「鈴木藤三郎」講演会6

「それでこの本の寄贈の際に藤三郎が送った願文(がんもん)というのがすごいので読み上げます。原文は難しいのでGAIAさんが現代語訳した文を読み上げます。
『願文 報徳社徒、不肖藤三郎は誠に恐れ謹んで二宮尊徳先生の神のみたまに申し上げます。

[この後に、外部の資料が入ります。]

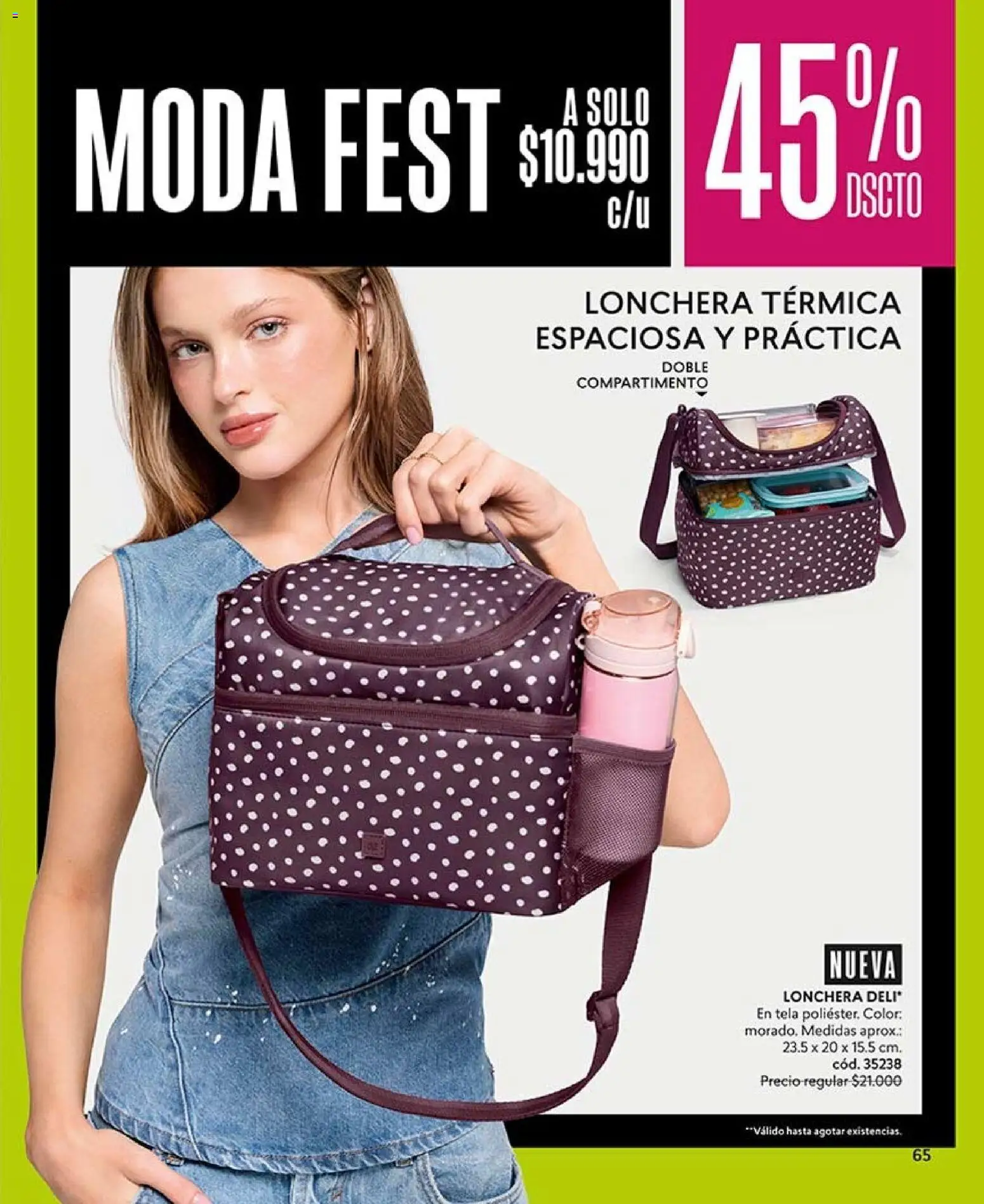 Catálogo CyZone Campaña 15 │ válido desde el 06.09.2026 | Página: 65 | Productos: Térmica, Lonchera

うやうやしく思いめぐらしますに、先生が一生涯、先だって説かれた報徳の教えの内容は、洋の東西を論ぜず、人種や宗教を問わず、昔から今にいたるまで幾千万年を経ても、およそ世界に生存する人類において貴賎や貧富、男女や老幼の別なく、まことによく遵守しなければならない大切な教えであって、もしこれが無ければ人道はすたれ衰えて民衆は何のわずらいもなく休むということはできないものです。先生がこの世にいましたときは、国を憂える至誠が外にあふれ、熱血のそそぐところには感動し奮い起たない者はなく、世を救い民をあわれむ良法が多くの州にわたってその功績は実に顕著でした。そしてその実践し自ら実行してきた事績は明らかであって先生の遺された書に存在し、その書はほぼ1万巻を数えます。しかしこれを知る者は多くはありません。知らなければ行うことができません。行わなければ世を救い民を利することができません。これはたとえば名高い玉を懐のなかにしまっておくようなものです。どうしてひどく嘆き悲しまないでいられましょうか。そこで尊徳先生の孫にあたる尊親先生のお許しを得て、これを書き写して全巻9千巻とすることができました。これを2,500冊とし、文庫一棟に収め、あわせてこれを神社に奉納して、一般の人々の熟覧・研究に備える。将来幸いに志のある有識者がこれをひもといて明晰な識見で先生の教えの内容を解釈し、熱情のこもった誠意でこれを世に拡張し、忍耐強く実行してやまなければ、一般民衆の風俗もにわかにおこり、経済的に豊かで勢力が強くなることが期待できます。仰ぎこいねがわくば先生の神のみたまが護りたまうことによって人類が必ず至るべき大切な道である報徳の教えの内容が広く世界に普及し、真実で正しい文明が実現することができますように。愚かなる藤三郎、まことに恐れぬかずいて敬って申し上げます
明治42年5月30日 報徳社徒 鈴木藤三郎 九拝』
いかがでしょうか。将来を見据えた視点に、私には100年も昔、戦前の日本で書かれた文には思えません。」

「鈴木藤三郎」講演会6
 日光市にある報徳二宮神社。右が藤三郎寄贈の石蔵
「鈴木藤三郎」講演会6
 報徳文庫。2500冊の報徳の教えが収められている。